Oleh: Mukhradis Hadi Kusuma (CEO ARCHY Research and Strategy)

TOPSul, Jakarta – Menjelang 50 hari menuju jadwal pencoblosan pilkada 27 November mendatang, getir menghantui akibat ritme konsolidasi tim terus dilakukan. Tidak ada waktu berleha karena jangka waktu yang pendek menjelang hari krusial.

Permasalahan sama, yaitu keinginan untuk memastikan angka elektabilitas naik seiring memuncaknya jadwal kampanye. Jika konsolidasi berhasil dilakukan tentu banyak tim yang akan membantu di lapangan dalam mendulang suara dan mengantarkan pesan visi kandidat.

Jika wilayahnya luas dibutuhkan simultan gerak tim yang besar agar mencapai suluruh titik pemukiman publik, berbeda dengan cakupan wilayah kecil yang relatif masih menguntungkan karena tidak perlu jauh mengitari sumbu pemukiman publik.

Bisa dibayangkan ruh pertarungan kandidat semakin memanas bukan karena kesiapan namun waktu dan jejaring yang menjadi tantangan. Karena pilkada serentak hampir dipastikan kandidat hanya fokus di wilayahnya tanpa menunggu kepastian bantuan dari luar karena di luar sana juga menghadapi pesta demokrasi serupa.

Dimana titik ketegangannya? Strategi hampir dipastikan akan dipusatkan pada upaya kandidat diterima dengan cepat oleh publik.
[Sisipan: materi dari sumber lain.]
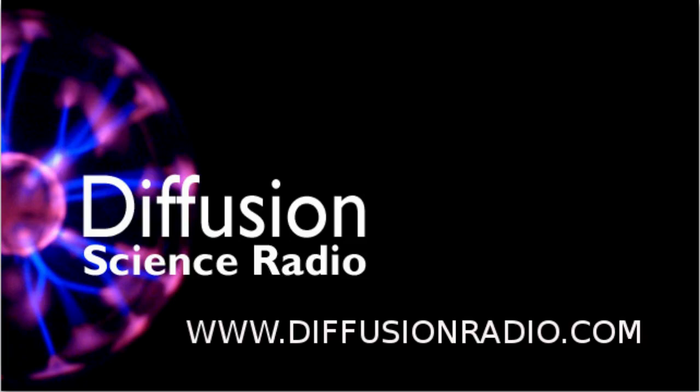Hello and welcome to Diffusion. Sit back and relax while we inject weird and wonderful science directly into your brain. I'm Ian Wolfe, now completing week 8 of my flu and bronchitis. On this edition, Matt Todd completes his talk about open source science. But first up, here's the news.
Mereka meyakini jika ada jalan yang dapat dilalui untuk menang, maka langkah itu yang coba diambil tanpa pikir panjang kenapa?.

Karena metode apa pun dalam perang kontestasi tidak harus merujuk pada pengalaman dan teori yang sudah ada melainkan langkah yang bisa dirasakan saat itu dengan melihat kondisi di depan mata, sehingga kandidat harus tenang dan mampu membaca peta dan situasi secara gamblang agar keputusan yang diambil bisa berdampak

Kandidat tentu memiliki intuisi yang tajam terutama mental kuat untuk mengambil sikap ditengah perang kontestasi yang sama sama tegang. Bukan hanya kandidat tetapi tim pun juga mengalami hal yang sama.

Harapannya kekuatan yang mereka bentuk bisa membangun stimulan agar publik merasakan kehadiran visi kandidat ditengah perang antar kandidat. Upaya yang coba dibangun apakah kondisi ini bisa dilakukan dengan baik? Tentu, kembali kepada kandidat yang secara konsep mestinya sudah siap dengan hal hal yang dinamis di lapangan.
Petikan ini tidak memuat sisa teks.